[Collection entries]
══════════

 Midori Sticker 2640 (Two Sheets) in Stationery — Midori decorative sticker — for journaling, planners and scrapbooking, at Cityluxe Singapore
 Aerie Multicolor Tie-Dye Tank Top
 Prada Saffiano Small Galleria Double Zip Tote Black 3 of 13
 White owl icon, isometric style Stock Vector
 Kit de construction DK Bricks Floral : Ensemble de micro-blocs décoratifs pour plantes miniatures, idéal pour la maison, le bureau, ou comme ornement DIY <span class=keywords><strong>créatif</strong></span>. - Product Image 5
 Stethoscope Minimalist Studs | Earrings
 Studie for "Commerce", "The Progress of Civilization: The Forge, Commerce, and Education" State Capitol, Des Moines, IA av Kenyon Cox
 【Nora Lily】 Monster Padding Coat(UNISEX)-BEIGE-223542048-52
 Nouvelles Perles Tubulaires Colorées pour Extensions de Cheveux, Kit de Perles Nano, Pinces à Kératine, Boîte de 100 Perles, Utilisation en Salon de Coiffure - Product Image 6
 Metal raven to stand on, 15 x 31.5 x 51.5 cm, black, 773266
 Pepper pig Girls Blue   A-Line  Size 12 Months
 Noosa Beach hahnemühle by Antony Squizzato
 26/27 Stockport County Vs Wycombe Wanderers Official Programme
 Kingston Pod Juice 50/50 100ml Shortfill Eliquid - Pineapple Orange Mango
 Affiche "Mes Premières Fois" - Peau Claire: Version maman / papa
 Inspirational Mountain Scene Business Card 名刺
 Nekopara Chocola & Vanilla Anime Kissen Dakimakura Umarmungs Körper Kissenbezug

══════════

▶ **What to do**: The answer must be an exact copy of every record above.

▶ **Problem solution**:
 Midori Sticker 2640 (Two Sheets) in Stationery — Midori decorative sticker — for journaling, planners and scrapbooking, at Cityluxe Singapore
 Aerie Multicolor Tie-Dye Tank Top
 Prada Saffiano Small Galleria Double Zip Tote Black 3 of 13
 White owl icon, isometric style Stock Vector
 Kit de construction DK Bricks Floral : Ensemble de micro-blocs décoratifs pour plantes miniatures, idéal pour la maison, le bureau, ou comme ornement DIY <span class=keywords><strong>créatif</strong></span>. - Product Image 5
 Stethoscope Minimalist Studs | Earrings
 Studie for "Commerce", "The Progress of Civilization: The Forge, Commerce, and Education" State Capitol, Des Moines, IA av Kenyon Cox
 【Nora Lily】 Monster Padding Coat(UNISEX)-BEIGE-223542048-52
 Nouvelles Perles Tubulaires Colorées pour Extensions de Cheveux, Kit de Perles Nano, Pinces à Kératine, Boîte de 100 Perles, Utilisation en Salon de Coiffure - Product Image 6
 Metal raven to stand on, 15 x 31.5 x 51.5 cm, black, 773266
 Pepper pig Girls Blue   A-Line  Size 12 Months
 Noosa Beach hahnemühle by Antony Squizzato
 26/27 Stockport County Vs Wycombe Wanderers Official Programme
 Kingston Pod Juice 50/50 100ml Shortfill Eliquid - Pineapple Orange Mango
 Affiche "Mes Premières Fois" - Peau Claire: Version maman / papa
 Inspirational Mountain Scene Business Card 名刺
 Nekopara Chocola & Vanilla Anime Kissen Dakimakura Umarmungs Körper Kissenbezug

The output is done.